I think the wrong people are taking leadership positions in this community.

AnneS

Peter Bell drank the Ari Ne'eman kool-aid.

Not to demonize corporations, but most of them don't give a sh*t about the common man...forget about the common man with special needs. Why would a company hire a greeter? Do they really want to pay an extra salary?

By "newer kinds of treatment", does Bell mean drugs that are used off-label, because as far as I know there is no drug for autism.

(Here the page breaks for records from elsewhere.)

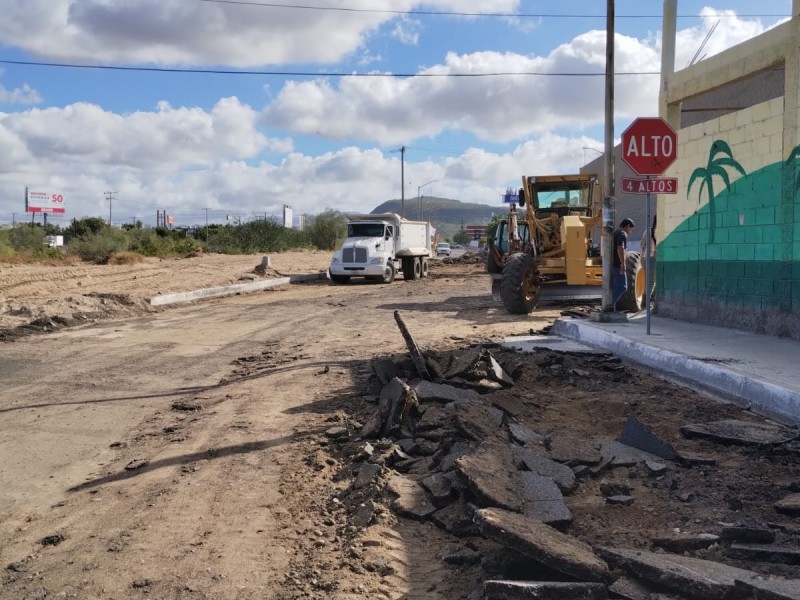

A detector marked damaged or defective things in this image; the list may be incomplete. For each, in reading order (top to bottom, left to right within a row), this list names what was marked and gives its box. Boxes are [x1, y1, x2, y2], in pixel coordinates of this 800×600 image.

broken asphalt chunk [680, 420, 796, 448]
broken asphalt chunk [476, 506, 612, 584]
broken asphalt chunk [482, 580, 608, 600]
broken asphalt chunk [596, 548, 764, 596] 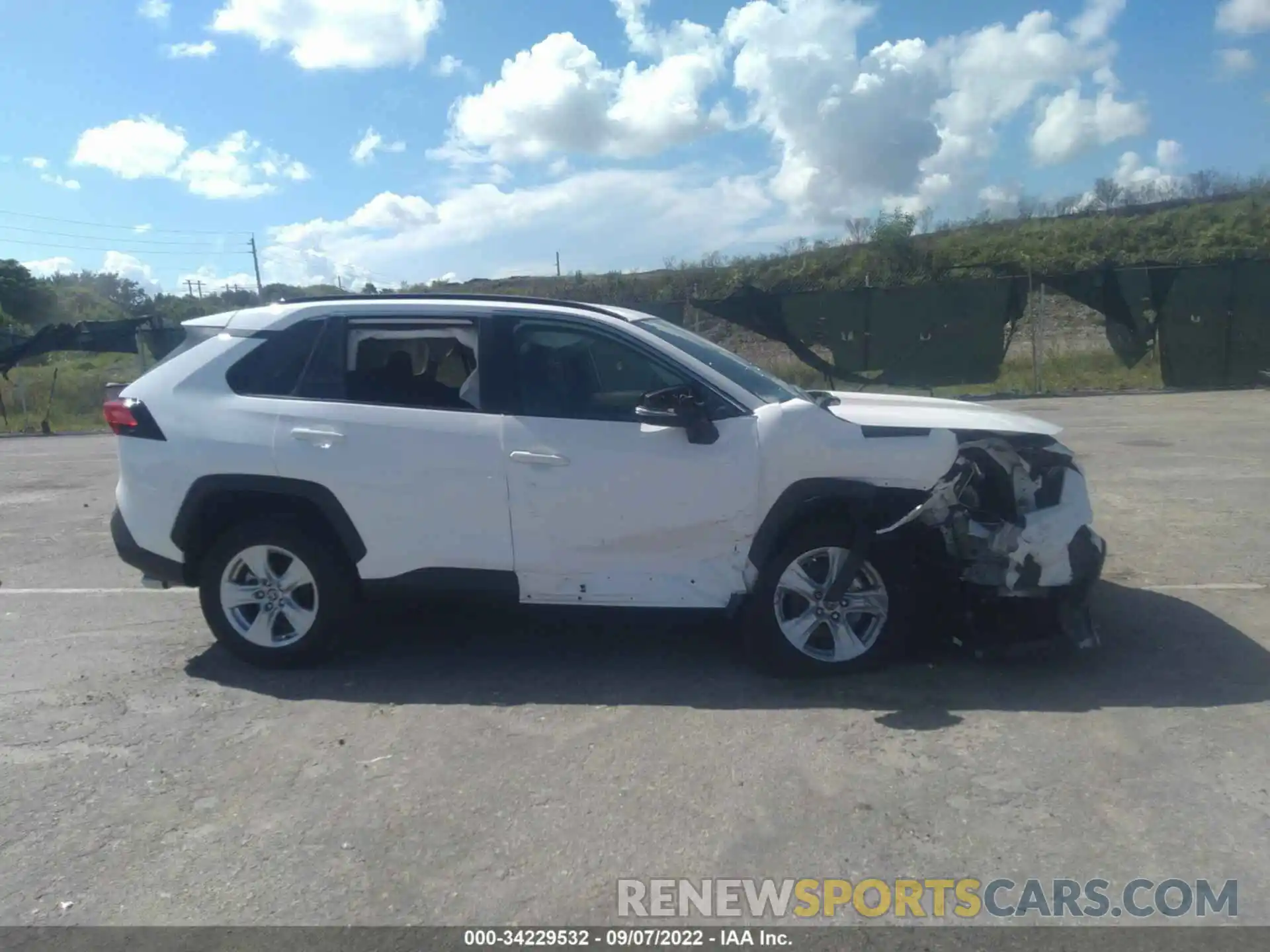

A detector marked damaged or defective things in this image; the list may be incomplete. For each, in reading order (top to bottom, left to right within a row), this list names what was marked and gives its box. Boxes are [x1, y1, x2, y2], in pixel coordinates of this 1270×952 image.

front-end collision damage [878, 436, 1106, 651]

And does Bell think that a large part of the autism community is getting insurance to cover ABA? I would love to see that statistic.

angus files

His nose just grew across the Atlantic to Scotland ..believe me I can see it...

Angus

Benedetta

G H
A good chuckle. That about says it all.

Bob Moffitt

Alice writes:

"There’s so much talk of the origins of autism these days, it’s hard not to think of it as a childhood disorder. But we tend to forget that there is a fast growing number of adults living with autism in the country today. According to Autism Speaks, in the next decade alone, 500,000 children with autism will come of age."

Honestly, I don't know how these people sleep at night.

Alice writes its so hard not to think of autism as a childhood disorder .. thereby implying that autism has always been constant in the adult population throughout previous generations.

Which raises the obvious question:

If autism is NOT a recent, inexplicable, exploding childhood disorder .. why "in the next decade alone, 500,000 children with autism will come of age"?

Where are the 500,000 children with autism that had come of age in all previous decades?

Of course .. the answer to that vexing question rests entirely upon Alice finally admitting the dramatic increase in autism is a RECENT phenomenon .. more than likely "triggered" by something introduced to the child's environment about ten or fifteen years ago .. as evidenced by the 500,000 soon to become adults.

In any event, whatever that environmental "trigger" is .. it extends from Maine to California, North Dakota to Texas .. which more or less eliminates local "air, food and water" as the primary source.

Gee .. I wonder what SINGLE environmental source those "500,000 soon to become adults" shared as children?